Below are the records; give again exactly the lines that run from the one with "Iveco daily 35c18h" through the last line.

SUPPLIED DATA START

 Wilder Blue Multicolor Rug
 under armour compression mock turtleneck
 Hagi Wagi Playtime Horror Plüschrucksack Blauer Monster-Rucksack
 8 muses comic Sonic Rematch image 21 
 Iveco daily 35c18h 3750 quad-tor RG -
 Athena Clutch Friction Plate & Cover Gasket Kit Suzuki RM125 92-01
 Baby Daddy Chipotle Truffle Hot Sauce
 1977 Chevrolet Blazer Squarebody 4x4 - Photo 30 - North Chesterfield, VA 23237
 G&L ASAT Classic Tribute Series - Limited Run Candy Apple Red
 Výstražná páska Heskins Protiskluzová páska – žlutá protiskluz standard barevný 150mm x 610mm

SUPPLIED DATA END

**PROBLEM SOLUTION**
 Iveco daily 35c18h 3750 quad-tor RG -
 Athena Clutch Friction Plate & Cover Gasket Kit Suzuki RM125 92-01
 Baby Daddy Chipotle Truffle Hot Sauce
 1977 Chevrolet Blazer Squarebody 4x4 - Photo 30 - North Chesterfield, VA 23237
 G&L ASAT Classic Tribute Series - Limited Run Candy Apple Red
 Výstražná páska Heskins Protiskluzová páska – žlutá protiskluz standard barevný 150mm x 610mm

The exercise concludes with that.